ЛИРА ИННЫ ЛИСНЯНСКОЙ.
К 90‑ЛЕТИЮ СО ДНЯ РОЖДЕНЬЯ

Птицы стихов отпущены на волю, и возможность просить подаяние у нищих говорит о щедрости душевной поэта — мастера ювелирных стихов Инны Лиснянской.
Замереть над черной пропастью воды, чтобы две летящие звезды сделались откровением:

Над черной пропастью воды
Вдруг показалось мне,
Как две летящие звезды
Столкнулись в тишине.

Прислушаться к оглушительной тишине, чтобы в ней протянулись волоконца мудрости и печали — или ощущения сопричастности всего всему: высокого ощущения, вообще присущего стихам Лиснянской.
Липы потому и цветут бешено, что лето мчится под откос:

Липы бешено цветут,
Мчится лето под откос.

Потому и нету другого средства, кроме поэзии, удержать, сохранить, оставить в смысловой капсуле то, что было, что и продиктовало стихи.
Нежный, ажурно-акварельный рисунок стихов Лиснянской! Стихов, питающих млеком эстетическое чувство, и заставляющих мыслить, восходя на новый уровень понимания яви.

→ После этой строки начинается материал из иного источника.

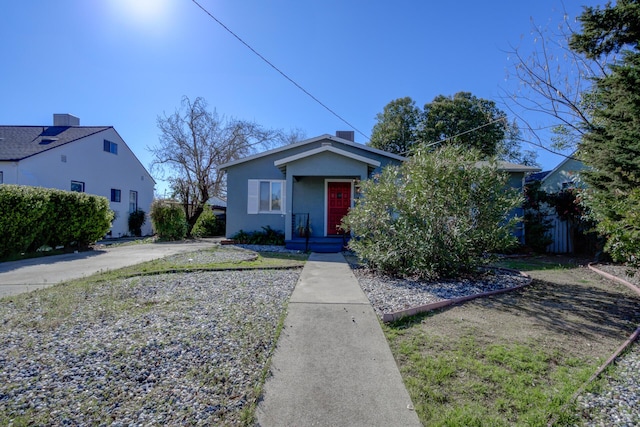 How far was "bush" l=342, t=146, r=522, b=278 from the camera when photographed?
614 centimetres

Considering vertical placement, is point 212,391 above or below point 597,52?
below

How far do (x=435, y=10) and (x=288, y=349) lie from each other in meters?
10.9

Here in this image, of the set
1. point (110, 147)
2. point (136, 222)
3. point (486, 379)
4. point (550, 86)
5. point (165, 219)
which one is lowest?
point (486, 379)

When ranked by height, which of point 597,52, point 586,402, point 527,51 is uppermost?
point 527,51

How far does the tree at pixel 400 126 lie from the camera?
2723 cm

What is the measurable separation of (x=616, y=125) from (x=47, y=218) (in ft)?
49.2

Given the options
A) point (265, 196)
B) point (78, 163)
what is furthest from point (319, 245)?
point (78, 163)

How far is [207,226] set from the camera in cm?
2025

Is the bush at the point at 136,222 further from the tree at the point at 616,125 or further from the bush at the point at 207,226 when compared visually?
the tree at the point at 616,125

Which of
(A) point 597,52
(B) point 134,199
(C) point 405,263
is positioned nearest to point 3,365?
(C) point 405,263

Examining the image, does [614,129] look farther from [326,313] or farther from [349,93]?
[349,93]

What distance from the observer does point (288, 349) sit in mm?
3246

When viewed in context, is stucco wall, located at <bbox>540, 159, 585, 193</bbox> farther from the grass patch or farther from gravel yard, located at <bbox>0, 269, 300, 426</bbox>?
gravel yard, located at <bbox>0, 269, 300, 426</bbox>

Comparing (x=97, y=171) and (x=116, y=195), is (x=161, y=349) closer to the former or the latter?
(x=97, y=171) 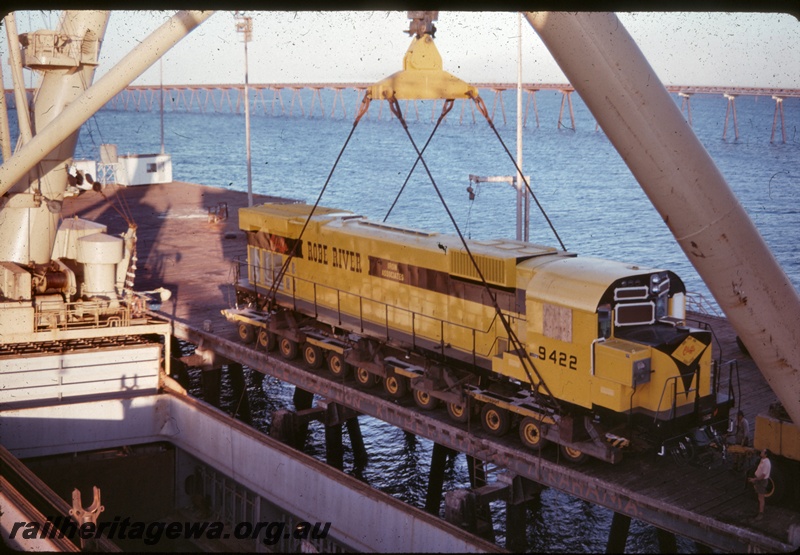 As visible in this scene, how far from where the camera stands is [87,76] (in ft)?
84.2

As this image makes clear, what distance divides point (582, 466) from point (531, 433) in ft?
4.24

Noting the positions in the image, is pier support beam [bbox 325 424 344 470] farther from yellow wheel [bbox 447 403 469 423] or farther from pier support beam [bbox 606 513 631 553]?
pier support beam [bbox 606 513 631 553]

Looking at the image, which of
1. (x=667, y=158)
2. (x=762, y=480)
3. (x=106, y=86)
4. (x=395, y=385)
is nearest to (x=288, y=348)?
(x=395, y=385)

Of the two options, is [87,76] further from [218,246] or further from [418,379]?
[218,246]

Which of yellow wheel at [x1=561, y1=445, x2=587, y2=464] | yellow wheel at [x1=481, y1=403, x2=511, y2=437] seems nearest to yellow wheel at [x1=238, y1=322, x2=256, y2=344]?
yellow wheel at [x1=481, y1=403, x2=511, y2=437]

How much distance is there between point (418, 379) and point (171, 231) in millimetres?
29721

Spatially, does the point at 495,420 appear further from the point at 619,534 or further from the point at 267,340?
the point at 267,340

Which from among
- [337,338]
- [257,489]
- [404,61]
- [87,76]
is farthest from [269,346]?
[404,61]

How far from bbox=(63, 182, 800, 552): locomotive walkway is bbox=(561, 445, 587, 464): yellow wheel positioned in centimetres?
17

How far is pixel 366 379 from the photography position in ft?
71.8

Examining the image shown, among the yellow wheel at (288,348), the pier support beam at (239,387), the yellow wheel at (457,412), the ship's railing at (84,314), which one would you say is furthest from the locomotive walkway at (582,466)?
the pier support beam at (239,387)

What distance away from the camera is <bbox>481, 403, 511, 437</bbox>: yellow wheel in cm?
1811

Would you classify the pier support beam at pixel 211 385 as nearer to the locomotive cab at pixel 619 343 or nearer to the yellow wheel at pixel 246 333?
the yellow wheel at pixel 246 333

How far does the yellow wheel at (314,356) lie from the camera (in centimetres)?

ОТКРЫТЫЕ ОКНА ЭДИТ СЁДЁРГРАН

Кредо — в первой строке ударного стихотворения:

Я не могу
Без действия прожить.

И финал, будто завет воина, ратоборца — а не очень больной женщины-поэтессы:

Тот, кто руками в ссадинах и шрамах
Не хочет рушить стену серых буден,
Пусть погибает молча у стены.
Он не достоин видеть солнце жизни.

Мужество и красота произнесенных, исполненных стихов сами разрушают стену косности, бытового мещанства, этой треклятой "бытовизны", захватившей все и вся.
Короткая жизнь Эдит Сёдёргран была насыщенно-яркой, и поэтическое делание для нее, как для ее американской коллеги Эмили Дикинсон, было больше, чем делом: жизнью сути и духом победы.
Ибо победы бывают разные, а вовсе не те, к каким мы привыкли за последние десятилетия, и точность поэтической формулы во много раз значительнее ловкой банковской аферы — что поделаешь? приходится сопоставлять жизни…

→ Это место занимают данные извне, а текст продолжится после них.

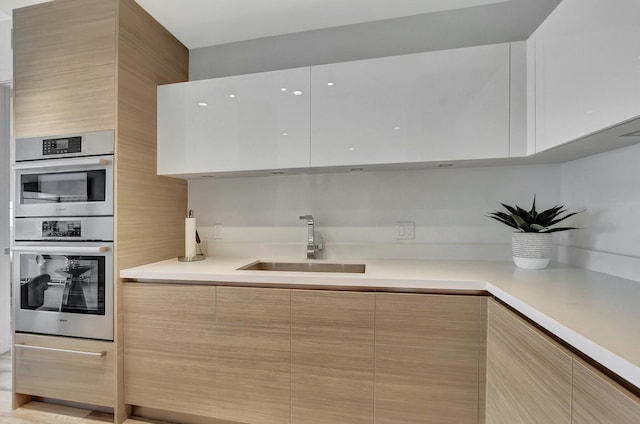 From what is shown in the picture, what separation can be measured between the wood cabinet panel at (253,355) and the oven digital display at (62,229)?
96cm

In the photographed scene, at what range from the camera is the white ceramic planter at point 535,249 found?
150cm

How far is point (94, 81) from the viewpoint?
1.69m

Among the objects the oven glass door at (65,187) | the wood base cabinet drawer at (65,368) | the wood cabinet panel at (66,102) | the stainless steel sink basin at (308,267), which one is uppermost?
the wood cabinet panel at (66,102)

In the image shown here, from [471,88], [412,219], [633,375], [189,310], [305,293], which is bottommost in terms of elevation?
[189,310]

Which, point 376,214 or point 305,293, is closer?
point 305,293

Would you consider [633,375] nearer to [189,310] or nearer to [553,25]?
[553,25]

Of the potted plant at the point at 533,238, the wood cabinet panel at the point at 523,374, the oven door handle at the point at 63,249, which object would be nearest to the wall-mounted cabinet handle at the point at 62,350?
the oven door handle at the point at 63,249

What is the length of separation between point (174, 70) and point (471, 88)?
1960 millimetres

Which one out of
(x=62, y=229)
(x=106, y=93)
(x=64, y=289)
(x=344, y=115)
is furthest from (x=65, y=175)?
(x=344, y=115)

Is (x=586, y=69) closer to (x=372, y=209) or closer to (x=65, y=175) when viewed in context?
(x=372, y=209)

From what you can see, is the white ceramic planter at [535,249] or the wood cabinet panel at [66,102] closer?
the white ceramic planter at [535,249]

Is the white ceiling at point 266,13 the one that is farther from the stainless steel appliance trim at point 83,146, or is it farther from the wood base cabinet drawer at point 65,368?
the wood base cabinet drawer at point 65,368

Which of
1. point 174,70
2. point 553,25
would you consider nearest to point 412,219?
point 553,25

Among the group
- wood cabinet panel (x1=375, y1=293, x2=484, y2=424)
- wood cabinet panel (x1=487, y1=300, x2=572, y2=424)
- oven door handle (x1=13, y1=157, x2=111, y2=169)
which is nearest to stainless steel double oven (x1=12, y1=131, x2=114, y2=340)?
oven door handle (x1=13, y1=157, x2=111, y2=169) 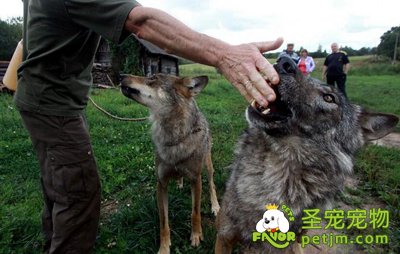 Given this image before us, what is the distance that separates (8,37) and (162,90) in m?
44.2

Чего бояться мне? Я дочь Вселенной,
Частица малая ее великой силы,
Мир одинокий в сонмище миров,
Звезда, как точка окончанья жизни.
О, счастье жить, дышать и понимать,
Как ледяное время бьется в жилах..

Всеприемство Сёдёргран насыщено эзотерикой — не той, расхожей, нынешней, где процветают сливкосниматели и кармоотсматриватели, а подлинной, чья глубина не требует выгод.

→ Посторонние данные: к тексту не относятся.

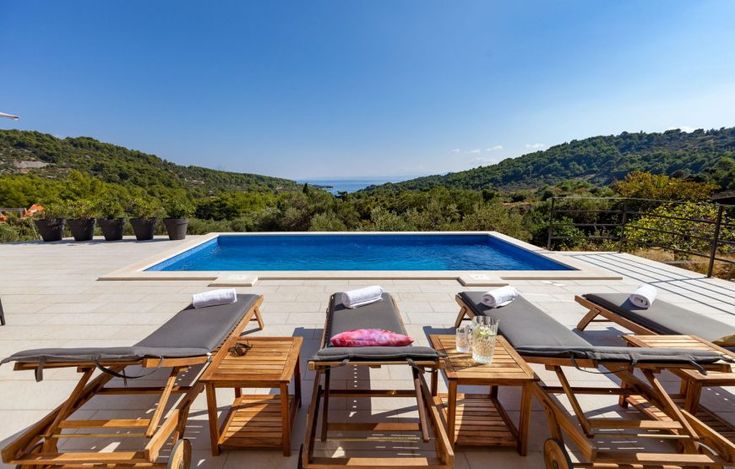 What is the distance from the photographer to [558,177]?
3709 cm

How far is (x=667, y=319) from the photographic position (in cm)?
252

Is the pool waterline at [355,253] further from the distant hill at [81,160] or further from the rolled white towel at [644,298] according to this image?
the distant hill at [81,160]

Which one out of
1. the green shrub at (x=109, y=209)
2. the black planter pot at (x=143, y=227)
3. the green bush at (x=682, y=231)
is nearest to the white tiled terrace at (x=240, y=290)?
the green bush at (x=682, y=231)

На горных склонах в ожиданье ветра
Блуждающие стынут облака.
Но ветер их не гонит по ущельям,
Не поднимает к солнцу выше гор.
И вот они совсем закрыли солнце, —
Висят тяжелые, как флаги будней,
И монотонно дни уходят в вечность,
Как музыка в раскрытое окно.

Великолепные поэтические картины даже не требуют рифмы, казалось бы, столь необходимой в те времена: они густы силою смысла, и то, что музыка уходит в раскрытое окно вовсе не смертельно (пускай смертельна болезнь, изводящая поэтессу), ибо выход в раскрытое окно и означает движение вечной нити стиха в пресловутую, и оттого не менее конкретную вечность.